Task requirements —
Start the copy at the line containing "Emilly Alto Nivel — 3 / 5" and run it through the last line of the records. Repeat each line exactly; omit pictures.

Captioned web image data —
Start of Block
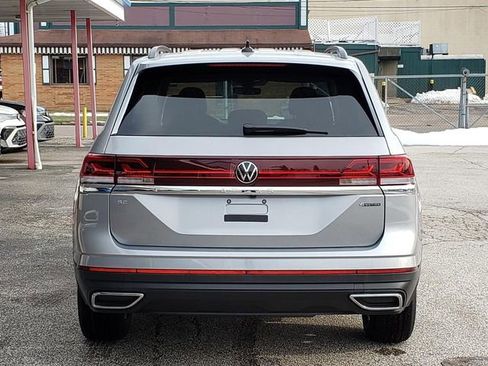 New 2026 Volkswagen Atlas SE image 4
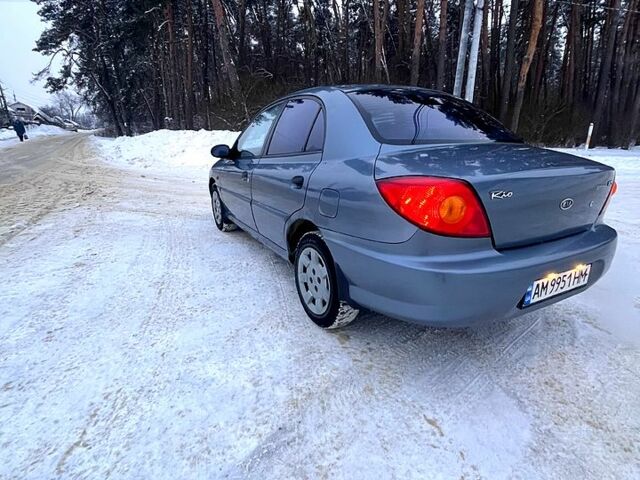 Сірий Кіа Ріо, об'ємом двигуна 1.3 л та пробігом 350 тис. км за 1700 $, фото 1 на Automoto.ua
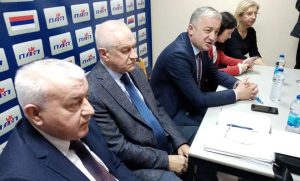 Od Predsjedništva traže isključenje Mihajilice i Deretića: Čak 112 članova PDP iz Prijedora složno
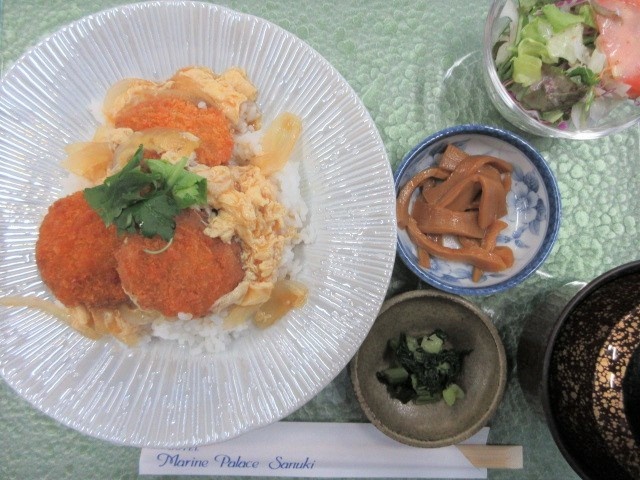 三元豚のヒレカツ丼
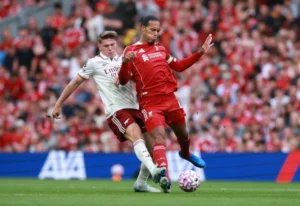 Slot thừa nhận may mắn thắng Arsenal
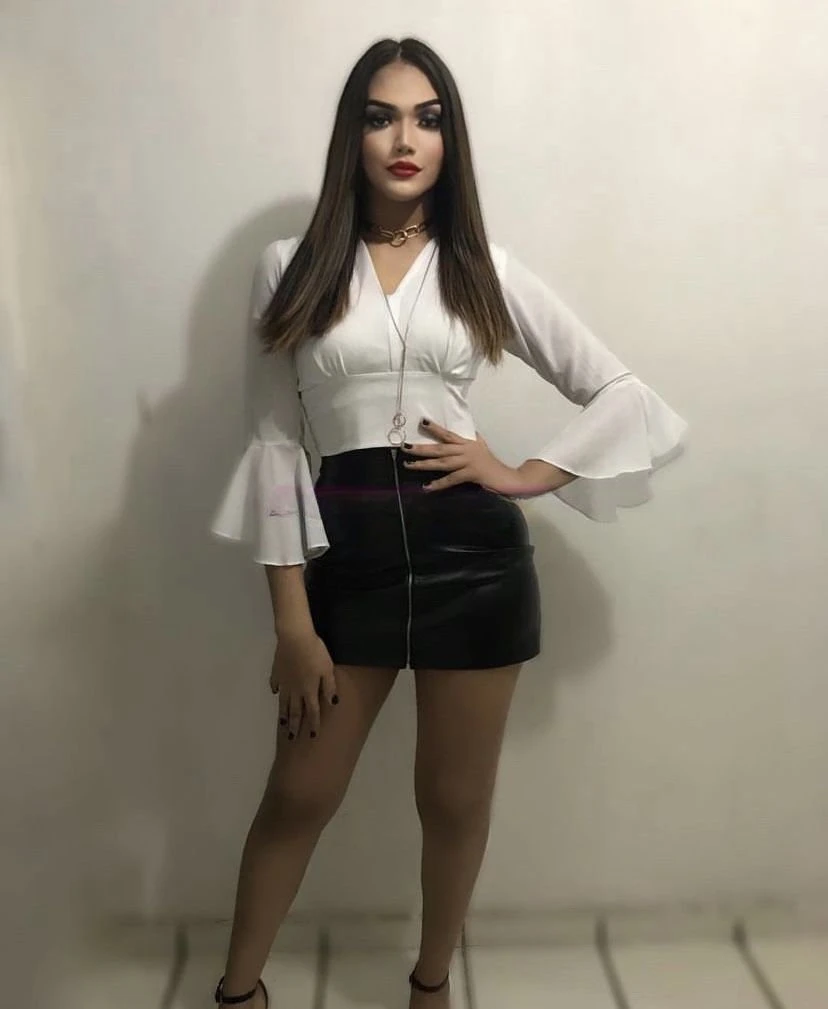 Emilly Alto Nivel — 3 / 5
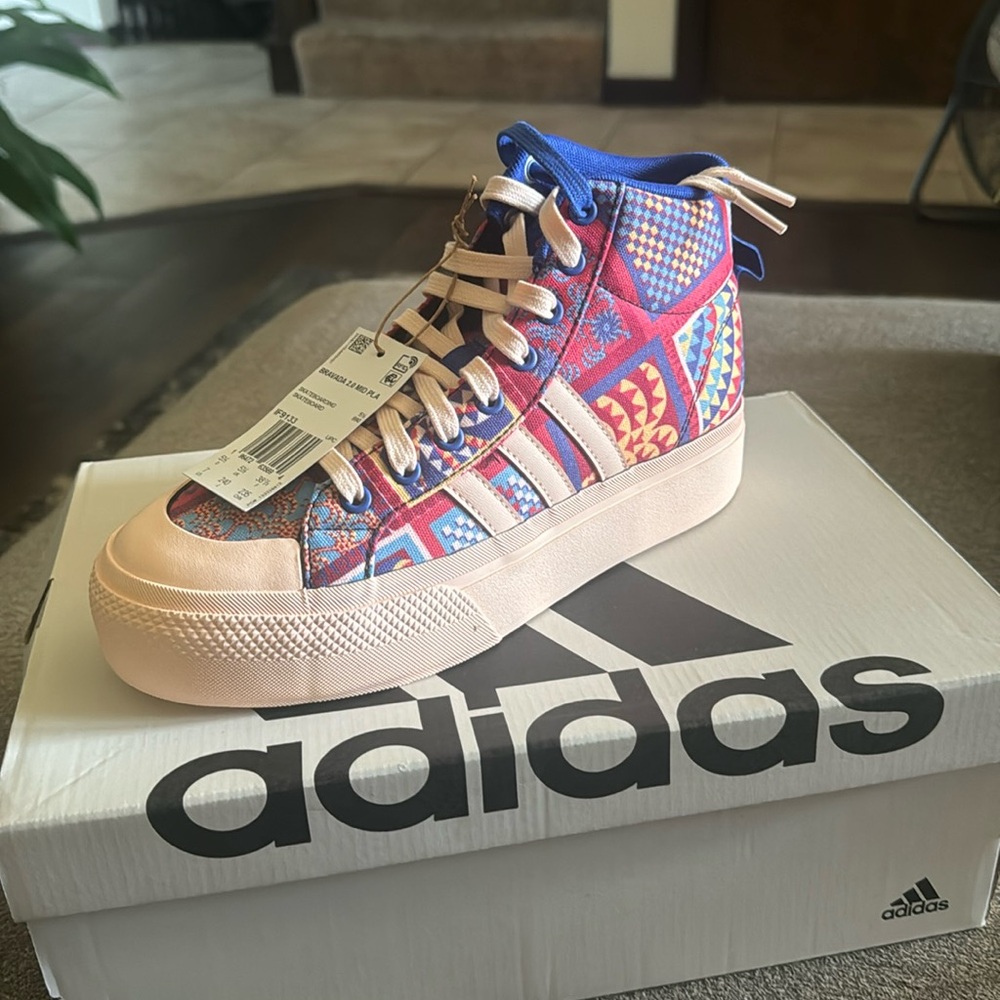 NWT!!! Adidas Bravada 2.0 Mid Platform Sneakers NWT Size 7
End of Block
Finished exercise —
 Emilly Alto Nivel — 3 / 5
 NWT!!! Adidas Bravada 2.0 Mid Platform Sneakers NWT Size 7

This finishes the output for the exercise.